Thursday, January 9, 2014
Shrinking gene trees
A particularly interesting example of empirical Bayes in current phylogenetics is provided by the gene-tree species-tree reconciliation methods (Arvestad et al, 2003, Akerborg et al, 2009, see also a related approach by maximum a posteriori, Boussau et al, 2013).
There are many reasons to be interested in reconstructing gene trees, and then trying to interpret these trees in terms of gene duplication and loss (and horizontal gene transfer, but let us ignore that for the moment). In particular, it is useful for assessing whether genes are paralogous or orthologous (you just need to look at their last common ancestor in the tree, and see whether this is a duplication or a speciation node).
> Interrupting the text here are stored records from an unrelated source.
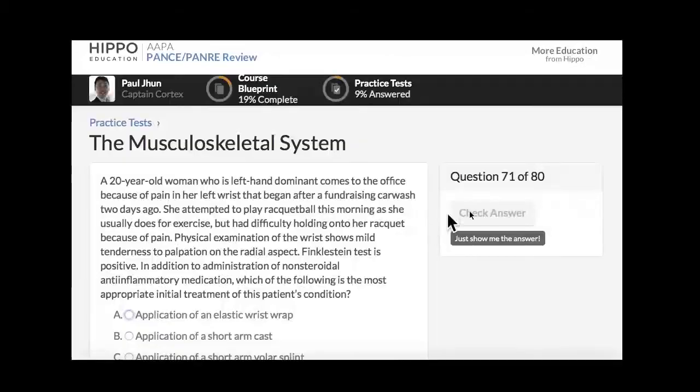Welcome to another AAPA Pans Pain Review Quick Case. My name is Paul John, this is John Mabee. A 20-year-old woman who is left-hand dominant comes to the office because of pain in her left wrist that began after a fundraising car wash two days ago.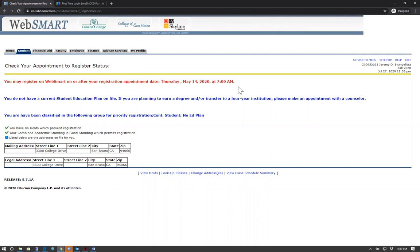If you do not have a registration date, make sure you've completed all of your enrollment steps: assessment, orientation, and have met with an academic counselor. You also may not have a registration date assigned to you because of a hold from previous terms or your current academic standing. Be sure to check on that as well.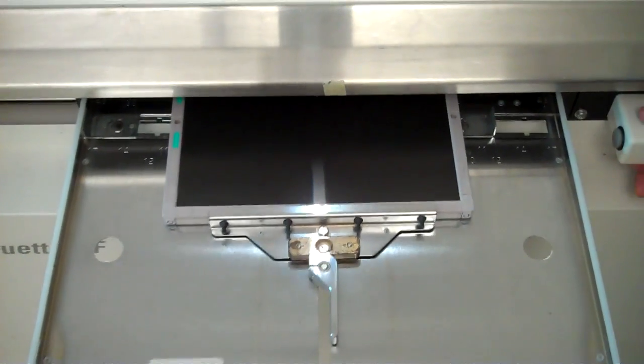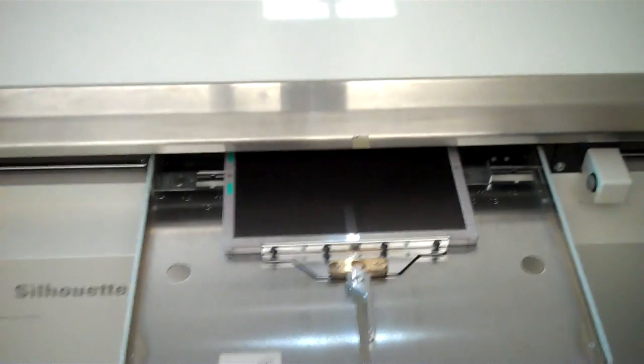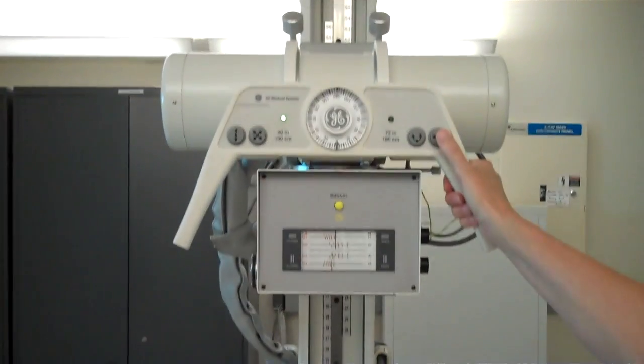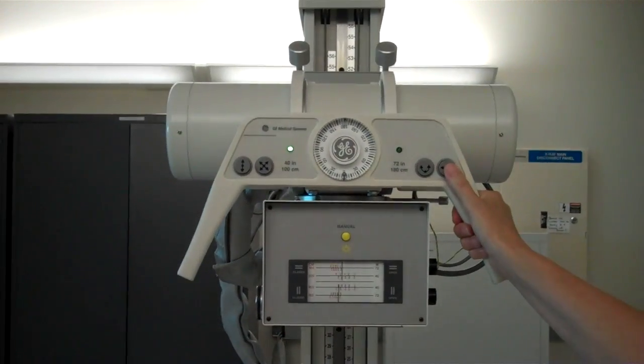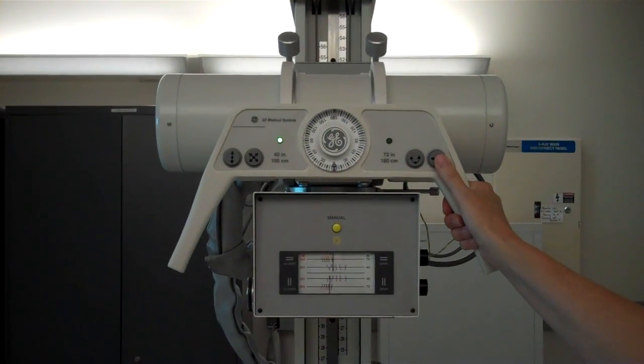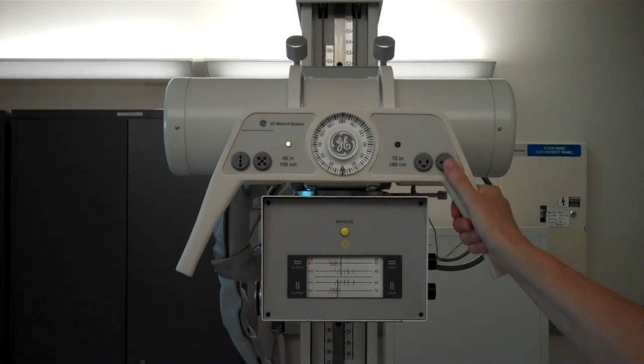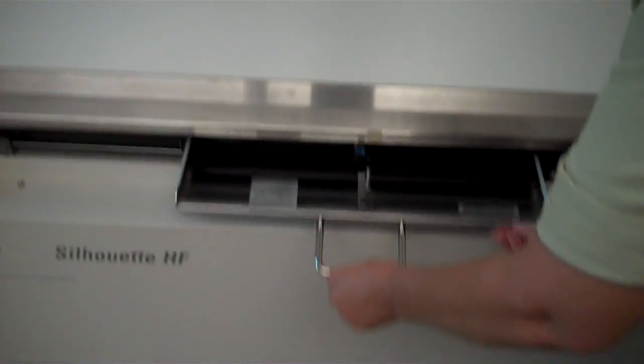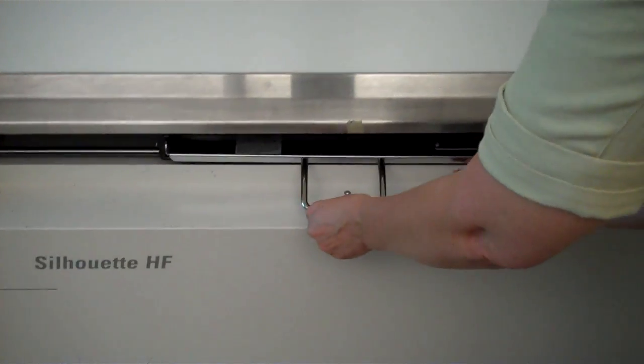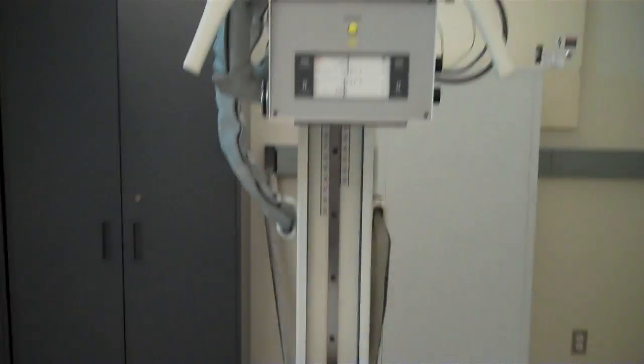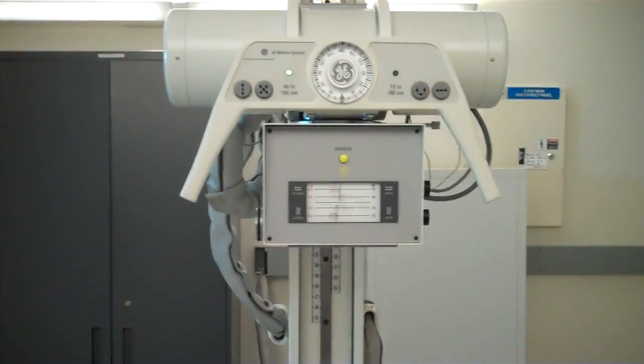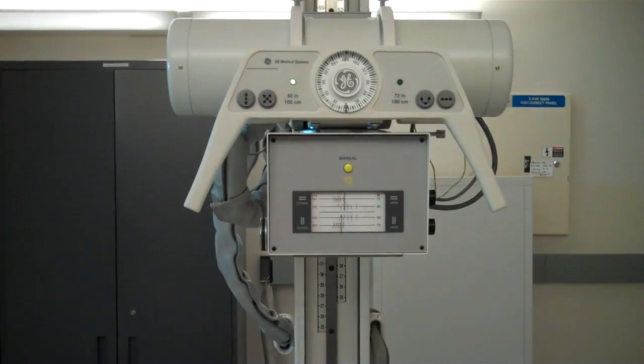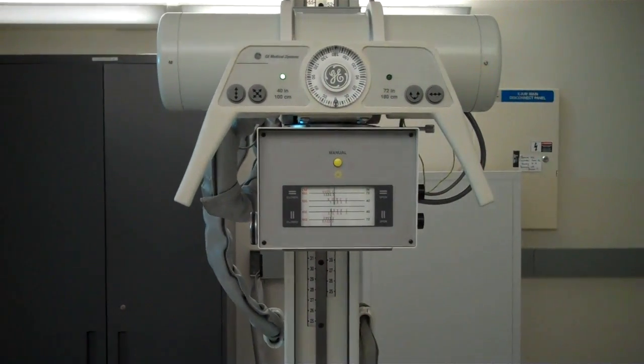Your other option is to move the tube using the longitudinal button right here so that you can get alignment. Now we push the bucky all the way in and we have tube image receptor alignment at 40 inches.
However, genes usually have relatively short coding sequences. After aligning genes and trimming poorly aligned regions, we typically end up with something between 100 and 1000 coding positions. Thus, not much signal to infer a phylogenetic tree with high support.
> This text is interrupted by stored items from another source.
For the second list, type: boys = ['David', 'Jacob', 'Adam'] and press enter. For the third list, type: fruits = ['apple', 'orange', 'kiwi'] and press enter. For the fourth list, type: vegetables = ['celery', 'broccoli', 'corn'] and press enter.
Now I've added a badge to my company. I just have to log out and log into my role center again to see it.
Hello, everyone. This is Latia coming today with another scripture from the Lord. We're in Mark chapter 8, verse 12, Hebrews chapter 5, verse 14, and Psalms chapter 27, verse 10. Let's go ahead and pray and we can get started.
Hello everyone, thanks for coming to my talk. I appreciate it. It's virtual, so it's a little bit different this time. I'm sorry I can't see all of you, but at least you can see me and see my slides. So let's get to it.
On the other hand, the process of gene duplication and loss along the species tree can be modelled. If the species tree, the duplication rate and the loss rate are known, this process represents a reasonable mechanistic prior distribution over the set of all possible gene phylogenies.
If we do not know the species tree and the duplication and loss rates, we can adopt an empirical Bayes approach, i.e. devise a hierarchical model that will borrow strength across gene families for estimating the global parameters (the species tree and the duplication and loss rates), while inferring gene trees by local application of Bayes rule.
The Bayesian gene-tree species-tree reconciliation approach therefore can be ssen as a typical empirical Bayes shrinkage estimator -- gene trees are shrunk toward the species tree. And there is indeed quite some shrinkage here: gene trees are substantially more accurate and more supported than if reconstructed using standard phylogenetic methods that do not consider the species tree (Akerborg et al, 2009, Boussau et al, 2013).
Also, clade posterior probabilities (at the level of gene trees) are asymptotically calibrated. In the context of probabilistic orthology analysis (Sennblad and Lagergren, 2009), this means in that there is a good asymptotic control for the rate of false discovery (false orthology/paralogy assignment).
All this is true only asymptotically, but I guess that, for most practical purposes, we can equate "genome-wide" with "asymptotic".
And all this is true only under the assumptions of the model, but good frequentist properties are always conditional on correct model specification.
Still, if we want to question the assumptions of the model: one dubious assumption is the hypothesis that duplication and loss rates are homogeneous across gene families and across the species tree. If needed, however, it is always possible to add some flexibility, such as branch-specific or gene-specific rates, or a combination of both. This simply adds additional levels to the hierarchical model, without representing major theoretical challenges in terms of asymptotic accuracy and calibration.
Other potentially important issues, concerning model specification, is whether the other aspects of the model (substitution process, relaxed clock, etc) are reasonable. But again, this can be worked out.
Finally, there are still difficult computational challenges on the side of species tree estimation. In this respect, I sometimes have the impression that even the most sophisticated Monte Carlo approaches will not be sufficient to efficiently sample species trees. For this, some computational short-cuts are probably needed. One possibility is to use a maximum a posteriori approach instead of integrating over gene trees (Boussau et al, 2013).
Akerborg, O., Sennblad, B., Arvestad, L., & Lagergren, J. (2009). Simultaneous Bayesian gene tree reconstruction and reconciliation analysis. Proceedings of the National Academy of Sciences of the United States of America, 106(14), 5714–5719.
Arvestad, L., Berglund, A.-C., Lagergren, J., & Sennblad, B. (2003). Bayesian gene/species tree reconciliation and orthology analysis using MCMC. Bioinformatics, 19 Suppl 1, i7–15.
Boussau, B., Szöllosi, G. J., Duret, L., Gouy, M., Tannier, E., & Daubin, V. (2013). Genome-scale coestimation of species and gene trees. Genome Res, 23(2), 323–330.
Sennblad, B., & Lagergren, J. (2009). Probabilistic orthology analysis. Syst Biol, 58(4), 411–424.